How we combine scores might also be affected by the desired level of precision we seek on teacher performance. If individual teacher rank-ordering is not important, we might divide the score distributions for each performance measure into performance groups using cut scores and then calculate teachers total performance based on his or her performance group designation across different measures as a weighted average.
A second important issue that has not received sufficient attention concerns the fact that we do not have the same information available to assess the performance of all teachers. For teachers who teach subjects or grade levels in which no standardized tests are administered, we cannot easily estimate value-added scores. That is also true for beginning teachers or new teachers in a district or state, when value-added models require information on student learning from multiple prior student cohorts. To make up for the missing data, average grade level or at times average school level value-added scores are used. This practice is not uncommon in statistics where under certain conditions missing data might be substituted by mean values. While this practice might be defensible in the context of statistical analyses when the goal is to make inferences about the group, it seems a lot more problematic when the goal is to provide information for individual selection and high-stakes decision-making.
These challenges do not mean we cannot create better teacher evaluation systems than the one we currently have. But they do suggest that designing high quality systems requires sophisticated technical expertise and that politics wont get us there. We might be more successful in the long run if we treat creating such systems as an engineering design challenge. I am not advocating simplistic, mechanistic solutions. I am proposing that we take advantage of a framework for design and feedback that creates exactly the accountability and improvement new teacher evaluation systems aspire to provide. This framework has led time and time again to the greatest accomplishments.
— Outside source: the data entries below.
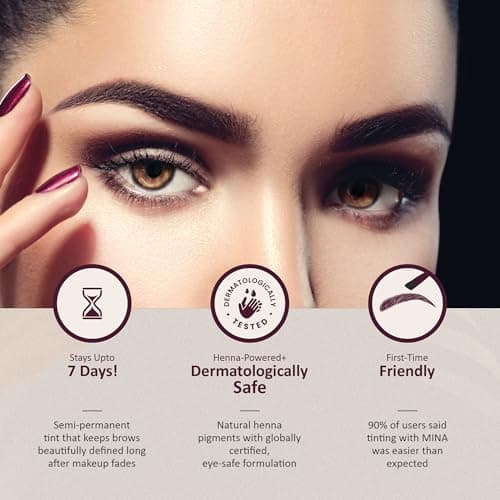 MinaiBrow Henna-Based Eyebrow Colour | Eyebrow Pencil Alternative for Smudge Proof Brows | Easy Application | Even Coverage | Long-Lasting Colour That Stays Up to 7 Days (Dark Brown, 1G) 3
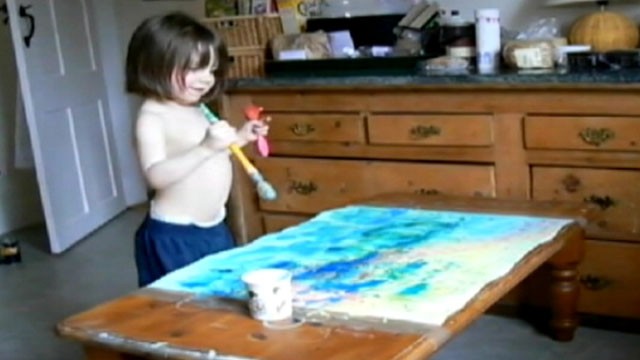 VIDEO: Proceeds from the sales of Iris Grace Halmshaws paintings go to her therapy.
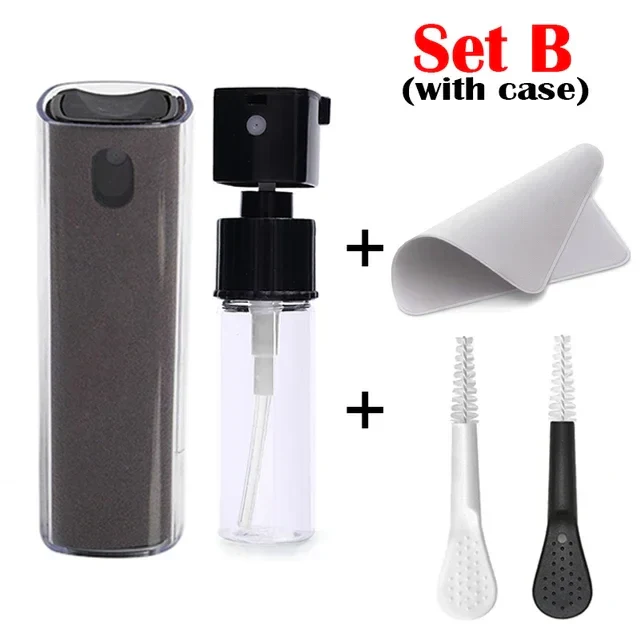Microfiber Screen Cleaner Spray Set with Cloth & Brush for Smartphones, Tablets, Laptops - Image 6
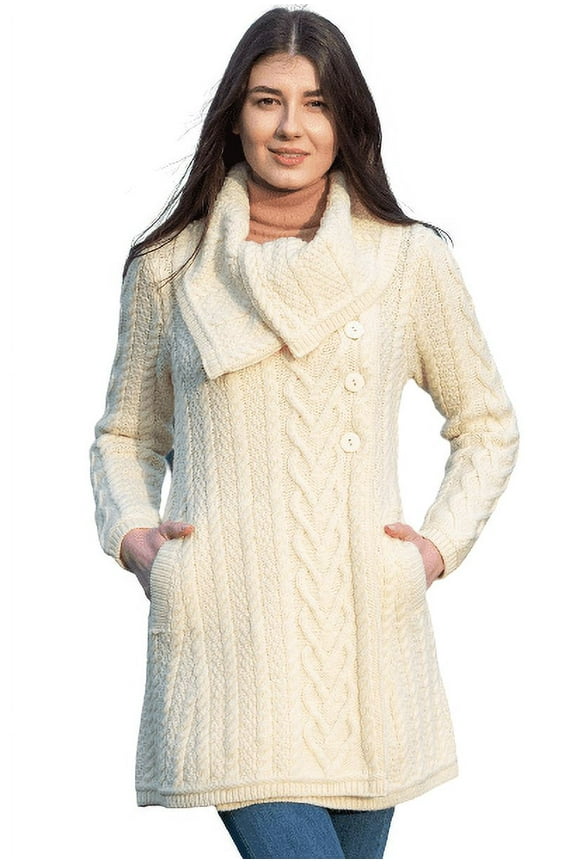 100% Merino Wool Women's Aran Cable Knit Cardigan Sweater Irish Oversized Collar Long Outdoor Coat Made in Ireland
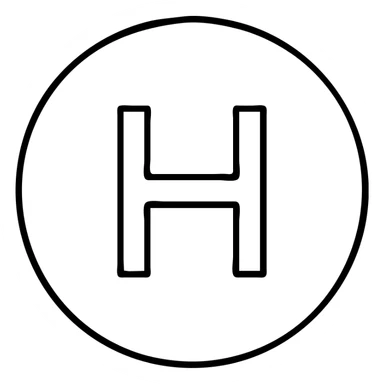 minimalist helipad, circular platform with white H on gray background, clean style sticker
Under this approach, designing teacher evaluation systems begins with specifying clearly the kind of information the system is supposed to provide, its intended use and the level of precision required. It also includes identifying the constraints that have to be taken into account, such as availability, reliability and validity of measures, distributions and so forth, all of which become important parameters in the design and later testing and monitoring of the system. Treating this work as a design challenge also allows us to acknowledge what every engineer knows, that there is no perfect design, that the first design is rarely the best design. But based on careful testing and improvements we almost always can create the best possible design. Doing this work right, of course, requires time, something that we always seem to be short of in education. Unless we are serious about spending the time, we should not expect real improvement. But if we do follow through, we might get a lot closer to the kind of educational reform and improvement we hope these systems can help facilitate. Now, that would be no small accomplishment in education.